Will need to keep in mind that if the database is having issues we may not be able to query the database to check the license state. Will need to ensure we can validate the license state without having the check back with the database. (This is both steady state as well as startup, since a GitLab app node could be starting up after a failure and the primary node is down.)
@DouweM yes, the goal is the same. The challenge with doing a check in Omnibus is that it is not aware of the license, and trying to enforce one to be present at install time is onerous and results in a poor UX.
Given that the DB load balancing code is in the platform, we have an opportunity to perform the check here. I think long term we should have a "Geo style" status page where this could be less intrusive, but I was thinking the banner would be a good minimal first step. Certainly open to other ideas / UX input here as well!

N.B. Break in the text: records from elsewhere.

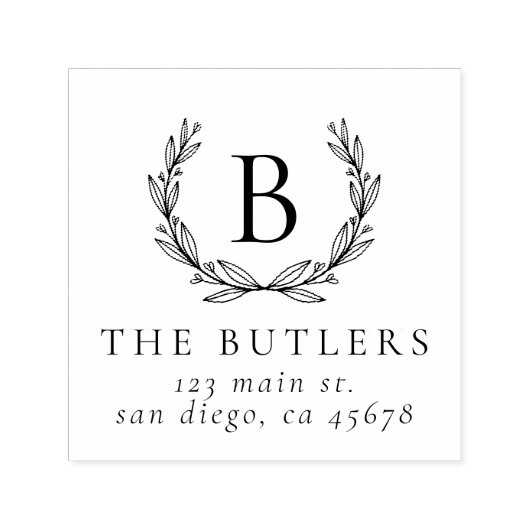 Leaf krans Initiaal retour adres stempel (Design)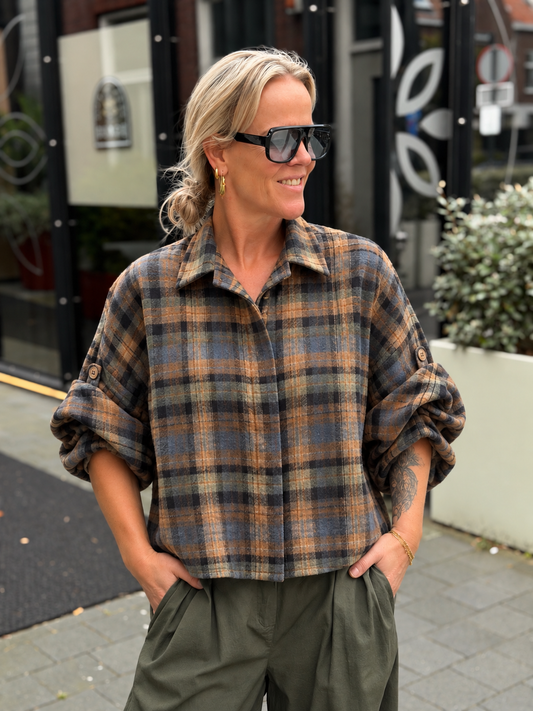 Flanel ruit blouse Dion khaki/camel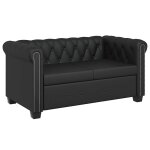 Vidaxl canap� chesterfield � 2 places cuir synth�tique noir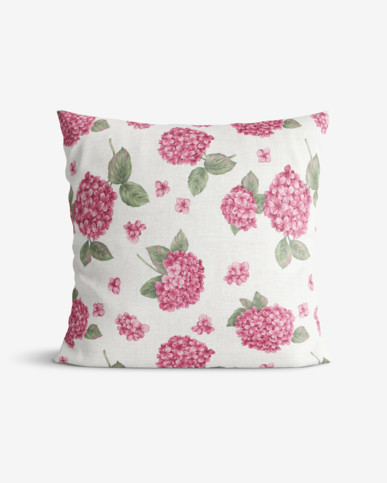Poszewka na poduszkę dekoracyjna Loneta - różowe kwiaty hortensji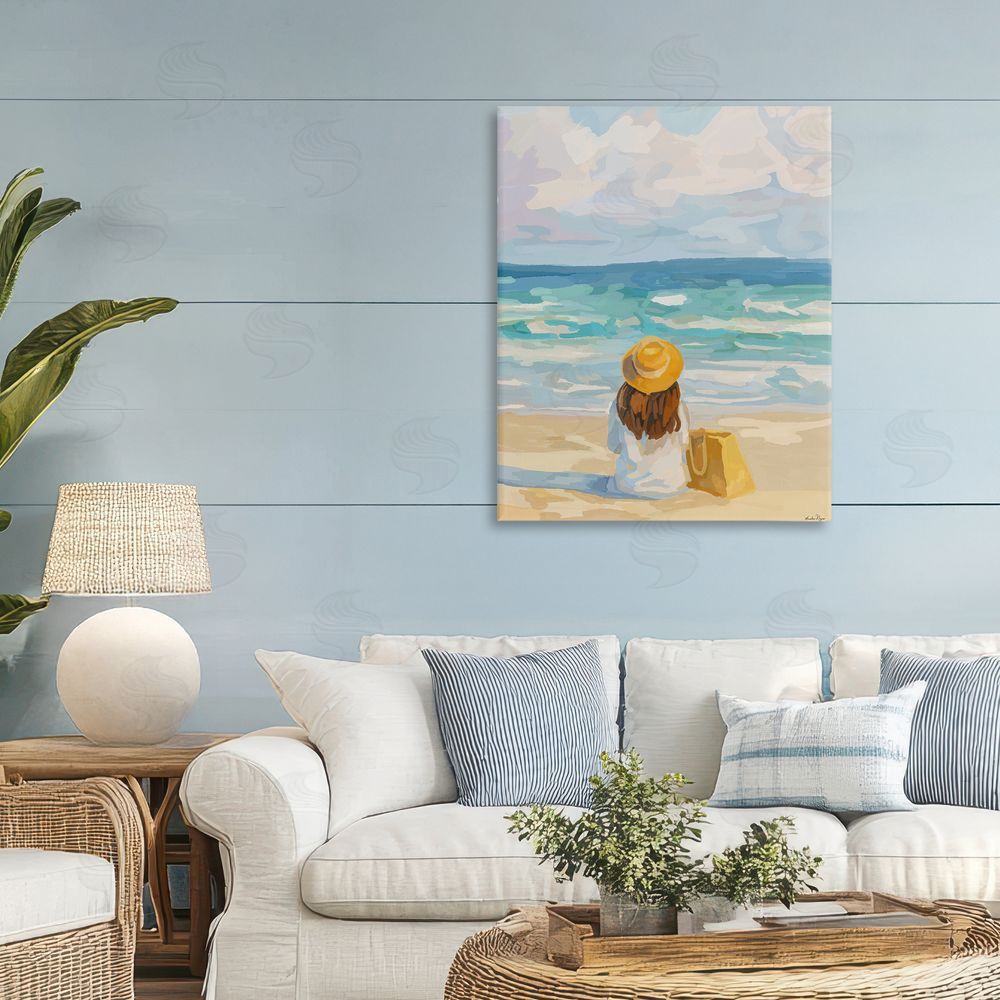 Amelia Noyes Peaceful At The Beach Stretched Canvas Wall Art Print in Room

@joshlambert Is ensuring we can validate the license state without having the check back with the database a requirement? Wouldn't GitLab be completely broken in that case anyway, so that whether or not the license check result is correct doesn't really matter?
@DouweM More of a technical concern than product requirement. The product requirement would be that the GitLab service remain operational during various outage scenarios, when an EEP license is present.
My concern was something like the following flow:
License is EEP, load balancing is active.
GitLab currently hitting node X.
Node X goes down, and becomes unresponsive.
GitLab now needs to fail over and select a new DB node.
GitLab attempts to perform license check, can't reach node X and fails.
Or alternatively, something like:
Outage goes down bringing down part of the fleet. Some DB, some app nodes.
GitLab brings up a few new app nodes to recover, attempts to connect to first DB in list (node x)
Node x is unresponsive.
GitLab performs license check for database load balancing, fails to find a license. Fails.
It perhaps could be simplified to "fail open" in the event of database errors, but would certainly look to all your technical expertise on better approaches.
If there is no license and this has been configured, we should put a banner warning up on the site to warn people the feature is not active. (Unless there is a better idea on how to convey this?)
@DouweM@joshlambert if we're going to be promoting features to users, then I think having some UI/banner is a good thing, although I'm not sure how often it would be seen.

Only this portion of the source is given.